→ Records for this task:
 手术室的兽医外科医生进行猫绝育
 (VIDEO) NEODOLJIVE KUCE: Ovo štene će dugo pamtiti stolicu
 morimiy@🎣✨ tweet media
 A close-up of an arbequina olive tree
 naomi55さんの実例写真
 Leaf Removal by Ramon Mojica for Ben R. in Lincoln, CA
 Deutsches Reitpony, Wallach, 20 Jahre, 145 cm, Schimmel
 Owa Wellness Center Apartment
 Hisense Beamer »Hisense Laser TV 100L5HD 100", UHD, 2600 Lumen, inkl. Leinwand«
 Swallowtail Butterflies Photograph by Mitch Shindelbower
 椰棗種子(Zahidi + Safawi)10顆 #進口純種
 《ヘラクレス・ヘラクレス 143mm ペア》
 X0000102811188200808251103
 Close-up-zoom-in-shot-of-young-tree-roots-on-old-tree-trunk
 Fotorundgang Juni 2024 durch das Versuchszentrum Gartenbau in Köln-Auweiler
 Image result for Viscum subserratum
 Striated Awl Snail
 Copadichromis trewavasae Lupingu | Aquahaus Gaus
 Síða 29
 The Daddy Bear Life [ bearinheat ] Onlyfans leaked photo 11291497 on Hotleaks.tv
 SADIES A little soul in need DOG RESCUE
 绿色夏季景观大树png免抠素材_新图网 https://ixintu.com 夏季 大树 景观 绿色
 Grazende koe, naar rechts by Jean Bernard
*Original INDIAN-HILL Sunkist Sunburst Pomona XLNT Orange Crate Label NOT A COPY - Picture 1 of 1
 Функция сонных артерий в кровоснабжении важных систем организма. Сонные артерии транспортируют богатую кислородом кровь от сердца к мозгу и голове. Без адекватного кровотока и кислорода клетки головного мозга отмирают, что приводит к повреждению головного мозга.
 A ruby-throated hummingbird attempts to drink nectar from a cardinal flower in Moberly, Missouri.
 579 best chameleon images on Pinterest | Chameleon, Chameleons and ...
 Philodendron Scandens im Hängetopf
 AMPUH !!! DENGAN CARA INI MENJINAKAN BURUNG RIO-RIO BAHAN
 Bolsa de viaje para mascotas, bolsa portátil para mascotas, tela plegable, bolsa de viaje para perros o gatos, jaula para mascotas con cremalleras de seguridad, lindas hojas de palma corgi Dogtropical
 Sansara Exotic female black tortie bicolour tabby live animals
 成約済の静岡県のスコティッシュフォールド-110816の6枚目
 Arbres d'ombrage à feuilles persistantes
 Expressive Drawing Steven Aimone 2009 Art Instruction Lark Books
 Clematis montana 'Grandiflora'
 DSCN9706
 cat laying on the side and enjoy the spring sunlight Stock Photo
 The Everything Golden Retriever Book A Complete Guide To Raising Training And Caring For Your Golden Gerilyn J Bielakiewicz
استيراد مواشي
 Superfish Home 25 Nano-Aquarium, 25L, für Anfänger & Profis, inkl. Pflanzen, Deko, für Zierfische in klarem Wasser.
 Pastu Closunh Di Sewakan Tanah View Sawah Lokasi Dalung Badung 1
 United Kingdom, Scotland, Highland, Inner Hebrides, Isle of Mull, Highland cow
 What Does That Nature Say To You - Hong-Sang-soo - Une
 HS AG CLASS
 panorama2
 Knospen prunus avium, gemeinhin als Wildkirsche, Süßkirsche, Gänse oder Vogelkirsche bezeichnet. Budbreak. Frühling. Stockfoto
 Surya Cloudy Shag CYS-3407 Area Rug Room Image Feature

→ What is needed: Reproduce the lines of the entries above from the one with "(VIDEO) NEODOLJIVE KUCE: Ovo" to the one with "cat laying on", both included, exactly and without any other line.

→ Completed exercise:
 (VIDEO) NEODOLJIVE KUCE: Ovo štene će dugo pamtiti stolicu
 morimiy@🎣✨ tweet media
 A close-up of an arbequina olive tree
 naomi55さんの実例写真
 Leaf Removal by Ramon Mojica for Ben R. in Lincoln, CA
 Deutsches Reitpony, Wallach, 20 Jahre, 145 cm, Schimmel
 Owa Wellness Center Apartment
 Hisense Beamer »Hisense Laser TV 100L5HD 100", UHD, 2600 Lumen, inkl. Leinwand«
 Swallowtail Butterflies Photograph by Mitch Shindelbower
 椰棗種子(Zahidi + Safawi)10顆 #進口純種
 《ヘラクレス・ヘラクレス 143mm ペア》
 X0000102811188200808251103
 Close-up-zoom-in-shot-of-young-tree-roots-on-old-tree-trunk
 Fotorundgang Juni 2024 durch das Versuchszentrum Gartenbau in Köln-Auweiler
 Image result for Viscum subserratum
 Striated Awl Snail
 Copadichromis trewavasae Lupingu | Aquahaus Gaus
 Síða 29
 The Daddy Bear Life [ bearinheat ] Onlyfans leaked photo 11291497 on Hotleaks.tv
 SADIES A little soul in need DOG RESCUE
 绿色夏季景观大树png免抠素材_新图网 https://ixintu.com 夏季 大树 景观 绿色
 Grazende koe, naar rechts by Jean Bernard
*Original INDIAN-HILL Sunkist Sunburst Pomona XLNT Orange Crate Label NOT A COPY - Picture 1 of 1
 Функция сонных артерий в кровоснабжении важных систем организма. Сонные артерии транспортируют богатую кислородом кровь от сердца к мозгу и голове. Без адекватного кровотока и кислорода клетки головного мозга отмирают, что приводит к повреждению головного мозга.
 A ruby-throated hummingbird attempts to drink nectar from a cardinal flower in Moberly, Missouri.
 579 best chameleon images on Pinterest | Chameleon, Chameleons and ...
 Philodendron Scandens im Hängetopf
 AMPUH !!! DENGAN CARA INI MENJINAKAN BURUNG RIO-RIO BAHAN
 Bolsa de viaje para mascotas, bolsa portátil para mascotas, tela plegable, bolsa de viaje para perros o gatos, jaula para mascotas con cremalleras de seguridad, lindas hojas de palma corgi Dogtropical
 Sansara Exotic female black tortie bicolour tabby live animals
 成約済の静岡県のスコティッシュフォールド-110816の6枚目
 Arbres d'ombrage à feuilles persistantes
 Expressive Drawing Steven Aimone 2009 Art Instruction Lark Books
 Clematis montana 'Grandiflora'
 DSCN9706
 cat laying on the side and enjoy the spring sunlight Stock Photo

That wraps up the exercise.